Spatially relative terms, such as "inner," "outer," "beneath,"
"below," "lower," "above," "upper," and the like, may be used
herein for ease of description to describe one element or feature's
relationship to another element(s) or feature(s) as illustrated in
the figures. Spatially relative terms may be intended to encompass
different orientations of the device in use or operation in
addition to the orientation depicted in the figures. For example,
if the device in the figures is turned over, elements described as
"below" or "beneath" other elements or features would then be
oriented "above" the other elements or features. Thus, the example
term "below" can encompass both an orientation of above and below.
The device may be otherwise oriented (rotated 90 degrees or at
other orientations) and the spatially relative descriptors used
herein interpreted accordingly.
With reference to FIG. 1, a connector assembly constructed in
accordance with the teachings of the present disclosure is
generally indicated by reference numeral 10. The connector assembly
10 can comprise a connector body 12, a primary lock reinforcement
(PLR) 14, and a pair of independent secondary locks (ISLs) 16. The
connector body 12, the PLR 14, and the ISLs 16 can be separately
formed, such as by injection molding, from plastic.
The connector body 12 can have a generally rectangular prismatic
shape.

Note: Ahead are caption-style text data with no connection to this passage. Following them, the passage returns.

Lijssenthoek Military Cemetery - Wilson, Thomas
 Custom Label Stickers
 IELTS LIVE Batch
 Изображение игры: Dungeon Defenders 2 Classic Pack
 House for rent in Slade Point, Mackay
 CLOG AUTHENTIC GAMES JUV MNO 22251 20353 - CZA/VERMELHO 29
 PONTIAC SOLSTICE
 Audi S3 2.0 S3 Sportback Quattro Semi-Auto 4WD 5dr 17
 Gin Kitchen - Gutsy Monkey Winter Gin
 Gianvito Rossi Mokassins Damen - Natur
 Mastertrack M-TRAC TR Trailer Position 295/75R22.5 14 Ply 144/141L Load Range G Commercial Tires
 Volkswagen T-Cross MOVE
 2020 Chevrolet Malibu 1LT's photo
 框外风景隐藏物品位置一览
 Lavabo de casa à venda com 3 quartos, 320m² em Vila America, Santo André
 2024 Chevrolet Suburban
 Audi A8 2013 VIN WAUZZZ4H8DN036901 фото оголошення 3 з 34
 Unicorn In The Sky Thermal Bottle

The connector body 12 can define a first plurality of
terminal cavities 18, a second plurality of terminal cavities 20, a
third plurality of terminal cavities 22, a first slot 24, and a
pair of second slots 26 (only one shown). The terminal cavities 18
can be larger than the terminal cavities 20, and the terminal
cavities 20 can be larger than the terminal cavities 22.
The connector body 12 can include a first terminal housing 28, a
second terminal housing 30, and a pair of guide rails 32. The first
terminal housing 28 encloses the lower one of the terminal cavities
18, and the second terminal housing 30 encloses the upper one of
the terminal cavities 18. The guide rails 32 extend longitudinally
beneath the terminal cavities 20.
The first slot 24 can be configured to receive the PLR 14, and the
second slots 26 can be configured to receive the ISLs 16. The first
slot 24 can extend longitudinally through a front face 34 of the
connector body 12, beneath the terminal cavities 18, 20 and between
the terminal cavities 18. The second slots 26 can extend laterally
through opposite sides 36 (only one shown) of the connector body 12
and between the terminal cavities 22.
The PLR 14 can include a generally rectangular body 38 and a pair
of support members 40 that extend laterally outward from the
rectangular body 38. The rectangular body 38 can include a base 42,
a pair of walls 44 extending upward from the base 42, and a bridge
46 extending between and connecting the walls 44. The rectangular
body 38 can define a passage 48 that extends longitudinally through
the rectangular body 38. The passage 48 can be configured to
receive the first terminal housing 28. The walls 44 can define a
pair of tracks 50 that extend longitudinally through the walls 44
and a pair of slots 52 that extend laterally through the walls 44.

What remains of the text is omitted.